= What you will do =
The answer consists solely of the lines running from the one with "this 300×390 image." through the final line below, transcribed exactly and without any pictures.

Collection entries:
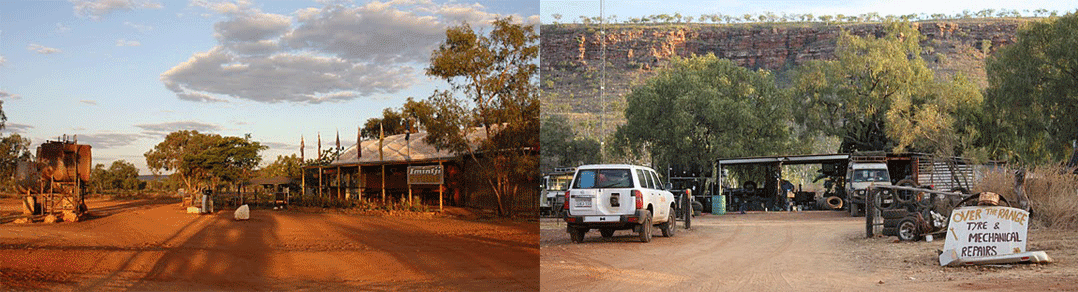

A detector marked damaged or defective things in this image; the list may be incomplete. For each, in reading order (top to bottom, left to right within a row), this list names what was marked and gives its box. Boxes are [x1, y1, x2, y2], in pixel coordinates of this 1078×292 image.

rusty machinery [17, 135, 91, 221]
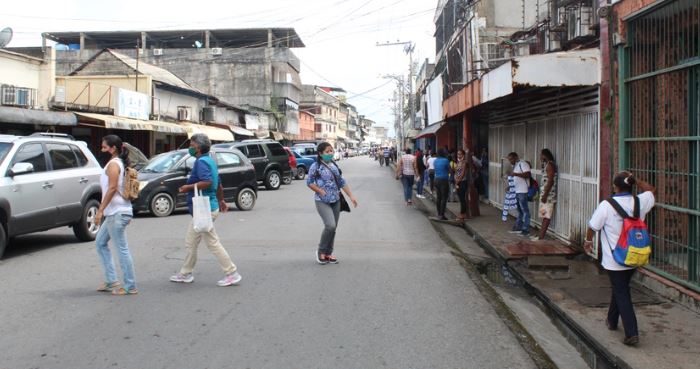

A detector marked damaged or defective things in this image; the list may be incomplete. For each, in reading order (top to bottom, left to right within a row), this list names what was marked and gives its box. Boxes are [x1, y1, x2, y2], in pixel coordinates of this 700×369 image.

rusty metal wall [486, 89, 600, 243]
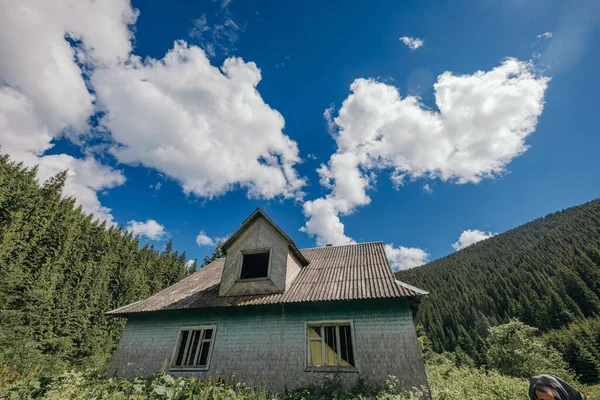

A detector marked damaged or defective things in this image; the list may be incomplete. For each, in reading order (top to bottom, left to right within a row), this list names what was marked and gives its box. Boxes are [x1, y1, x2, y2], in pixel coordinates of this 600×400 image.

broken window [239, 250, 270, 278]
broken window [171, 326, 216, 370]
broken window [308, 322, 354, 368]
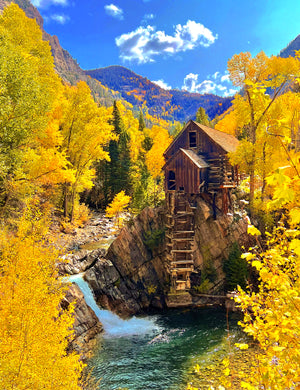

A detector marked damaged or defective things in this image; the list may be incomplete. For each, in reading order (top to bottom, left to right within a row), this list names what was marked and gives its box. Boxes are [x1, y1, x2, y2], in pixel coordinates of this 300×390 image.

rusted metal roof [192, 120, 239, 154]
rusted metal roof [180, 149, 209, 168]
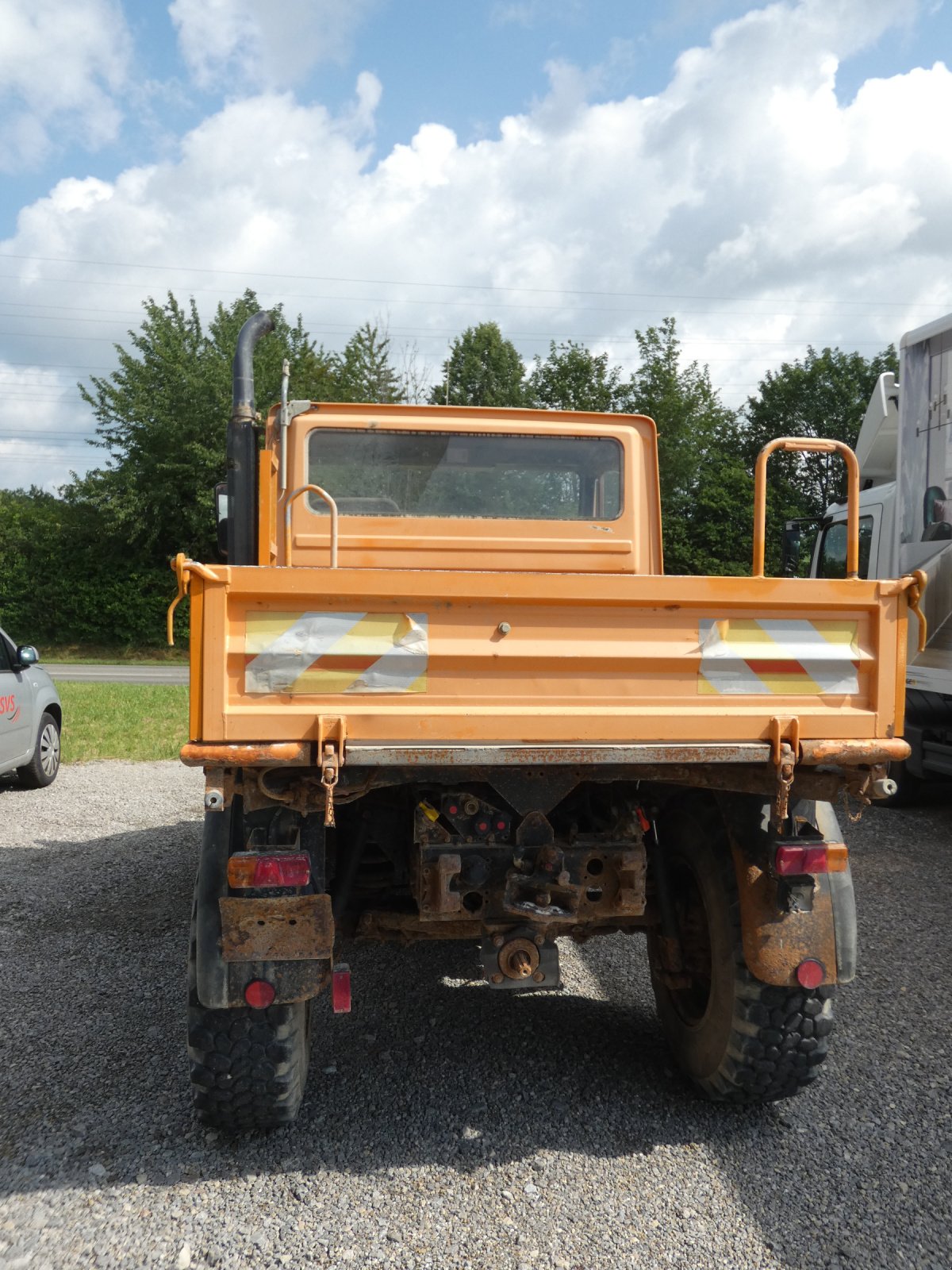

= Solution =
A detector marked damaged or defective things in this image; the list may be incomplete. For each, in reading order (top to bottom, left to right within a row), this list names what was marked and gives its box. Boxes are [x1, y1, x2, y2], in pixel coordinates of this 300×390 image.

rusted metal roof [192, 120, 239, 154]
rusted metal roof [180, 149, 209, 168]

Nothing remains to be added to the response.